Savage Scrolls, Volume One
- Cover of first edition
- Editor: Jason Ray Carney
- Language: English
- Genre: Fantasy
- Publisher: Pulp Hero Press
- Publication date: 2020
- Publication place: United States
- Media type: Print (paperback) and ebook
- ISBN: 978-1-68390-282-9

= Savage Scrolls, Volume One =

Savage Scrolls, Volume One: Thrilling Tales of Sword-and-Sorcery is an anthology of fantasy short stories in the sword and sorcery subgenre, edited by Jason Ray Carney. It was first published in trade paperback and ebook by Pulp Hero Press in November 2020, and takes its title from Savage Scrolls, Volume One: Scholarship from the Hyborian Age (2017), an earlier volume of literary criticism by Fred Blosser from the same publisher.
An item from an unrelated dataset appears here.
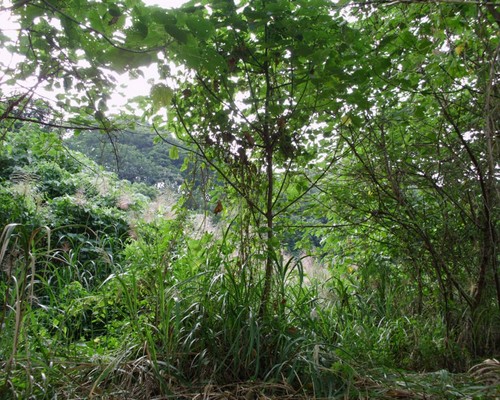 高雄鋸樹, 高雄夾子車清運, 高雄除草, 高雄割草, 高雄樹木修剪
Each was projected to be the first in a series; no further volumes of the Blosser title were forthcoming, but a second volume of the Carney title "is already in the works," with at least four projected in all.

==Summary==
The book collects eight sword and sorcery tales of protagonists traditional in and new to the subgenre, the former including Henry Kuttner's Elak of Atlantis and Prince Raynor, David C. Smith's Oron, and James Enge's Morlock the Maker. Some are by the authors associated with the original works and others are pastiches by later writers. Two of the stories, Adrian Cole's "The Tower in the Crimson Mist" and Steve Dilks's "Tale of the Uncrowned Kings," were recycled from the publisher's aborted anthology Flashing Swords! #6 (July 2020).

==Contents==
- "Publisher's Note" (Bob McLain)
- "Introduction" (Jason Ray Carney)
- "Tower in the Crimson Mist" (Elak of Atlantis) (Adrian Cole)
- "Tale of the Uncrowned Kings" (Erich Von Tormath and Zaran) (Steve Dilks)
- "The Eyes of the Scorpion" (Shamal the Warrior) (Steve Lines)
- "Born of the Serpent" (Oron) (David C. Smith)
- "Under the Basilisk Moon" (Prince Raynor) (Fred Blosser)
- "Slave Girls for Sacrifice" (Avok the Cytheran) (D. M. Ritzlin)
- "Crypt of Stars" (Hanuvar of Volanus) (Howard Andrew Jones)
- "Laws for the Blood" (Morlock the Maker) (James Enge)
- "About the Storytellers"

==Reception==
John ONeill at blackgate.com extols the list of contributors and remarks of the book "I'm delighted to say it's a thoroughly professional production."